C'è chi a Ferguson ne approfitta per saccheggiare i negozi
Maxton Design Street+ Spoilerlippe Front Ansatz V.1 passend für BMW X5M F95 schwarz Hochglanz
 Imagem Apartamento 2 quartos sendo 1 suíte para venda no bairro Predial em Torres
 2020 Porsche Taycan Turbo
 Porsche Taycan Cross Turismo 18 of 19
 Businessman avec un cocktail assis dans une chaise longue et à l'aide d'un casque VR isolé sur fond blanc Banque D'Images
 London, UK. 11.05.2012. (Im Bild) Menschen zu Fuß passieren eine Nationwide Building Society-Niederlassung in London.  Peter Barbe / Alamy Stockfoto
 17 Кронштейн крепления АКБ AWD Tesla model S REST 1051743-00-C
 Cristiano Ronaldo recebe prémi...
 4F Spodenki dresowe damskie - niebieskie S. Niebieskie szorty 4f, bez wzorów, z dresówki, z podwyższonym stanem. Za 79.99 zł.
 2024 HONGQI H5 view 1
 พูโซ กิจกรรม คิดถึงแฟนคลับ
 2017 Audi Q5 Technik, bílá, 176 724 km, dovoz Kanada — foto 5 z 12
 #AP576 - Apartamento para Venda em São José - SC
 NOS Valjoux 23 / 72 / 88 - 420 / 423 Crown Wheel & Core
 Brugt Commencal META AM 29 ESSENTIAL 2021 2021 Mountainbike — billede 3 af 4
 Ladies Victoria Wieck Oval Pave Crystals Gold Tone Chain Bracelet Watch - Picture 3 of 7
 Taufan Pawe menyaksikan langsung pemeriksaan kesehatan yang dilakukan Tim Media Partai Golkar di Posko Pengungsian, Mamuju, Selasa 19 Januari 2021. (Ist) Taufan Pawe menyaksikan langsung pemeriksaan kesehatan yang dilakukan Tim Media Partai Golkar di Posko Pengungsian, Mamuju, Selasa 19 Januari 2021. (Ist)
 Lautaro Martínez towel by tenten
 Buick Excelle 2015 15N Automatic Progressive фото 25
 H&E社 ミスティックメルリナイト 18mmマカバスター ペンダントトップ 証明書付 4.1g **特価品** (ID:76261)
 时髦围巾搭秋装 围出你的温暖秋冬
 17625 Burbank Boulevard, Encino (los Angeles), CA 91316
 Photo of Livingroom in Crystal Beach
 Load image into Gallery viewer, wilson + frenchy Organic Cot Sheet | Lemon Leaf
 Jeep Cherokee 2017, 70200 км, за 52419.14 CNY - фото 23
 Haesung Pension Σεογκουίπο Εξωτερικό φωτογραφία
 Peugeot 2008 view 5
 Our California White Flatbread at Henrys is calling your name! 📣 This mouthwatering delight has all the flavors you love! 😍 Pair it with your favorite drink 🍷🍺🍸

■ DIRECTIONS:
Repeat all of the data exactly as given.

■ FINAL ANSWER:
C'è chi a Ferguson ne approfitta per saccheggiare i negozi
Maxton Design Street+ Spoilerlippe Front Ansatz V.1 passend für BMW X5M F95 schwarz Hochglanz
 Imagem Apartamento 2 quartos sendo 1 suíte para venda no bairro Predial em Torres
 2020 Porsche Taycan Turbo
 Porsche Taycan Cross Turismo 18 of 19
 Businessman avec un cocktail assis dans une chaise longue et à l'aide d'un casque VR isolé sur fond blanc Banque D'Images
 London, UK. 11.05.2012. (Im Bild) Menschen zu Fuß passieren eine Nationwide Building Society-Niederlassung in London.  Peter Barbe / Alamy Stockfoto
 17 Кронштейн крепления АКБ AWD Tesla model S REST 1051743-00-C
 Cristiano Ronaldo recebe prémi...
 4F Spodenki dresowe damskie - niebieskie S. Niebieskie szorty 4f, bez wzorów, z dresówki, z podwyższonym stanem. Za 79.99 zł.
 2024 HONGQI H5 view 1
 พูโซ กิจกรรม คิดถึงแฟนคลับ
 2017 Audi Q5 Technik, bílá, 176 724 km, dovoz Kanada — foto 5 z 12
 #AP576 - Apartamento para Venda em São José - SC
 NOS Valjoux 23 / 72 / 88 - 420 / 423 Crown Wheel & Core
 Brugt Commencal META AM 29 ESSENTIAL 2021 2021 Mountainbike — billede 3 af 4
 Ladies Victoria Wieck Oval Pave Crystals Gold Tone Chain Bracelet Watch - Picture 3 of 7
 Taufan Pawe menyaksikan langsung pemeriksaan kesehatan yang dilakukan Tim Media Partai Golkar di Posko Pengungsian, Mamuju, Selasa 19 Januari 2021. (Ist) Taufan Pawe menyaksikan langsung pemeriksaan kesehatan yang dilakukan Tim Media Partai Golkar di Posko Pengungsian, Mamuju, Selasa 19 Januari 2021. (Ist)
 Lautaro Martínez towel by tenten
 Buick Excelle 2015 15N Automatic Progressive фото 25
 H&E社 ミスティックメルリナイト 18mmマカバスター ペンダントトップ 証明書付 4.1g **特価品** (ID:76261)
 时髦围巾搭秋装 围出你的温暖秋冬
 17625 Burbank Boulevard, Encino (los Angeles), CA 91316
 Photo of Livingroom in Crystal Beach
 Load image into Gallery viewer, wilson + frenchy Organic Cot Sheet | Lemon Leaf
 Jeep Cherokee 2017, 70200 км, за 52419.14 CNY - фото 23
 Haesung Pension Σεογκουίπο Εξωτερικό φωτογραφία
 Peugeot 2008 view 5
 Our California White Flatbread at Henrys is calling your name! 📣 This mouthwatering delight has all the flavors you love! 😍 Pair it with your favorite drink 🍷🍺🍸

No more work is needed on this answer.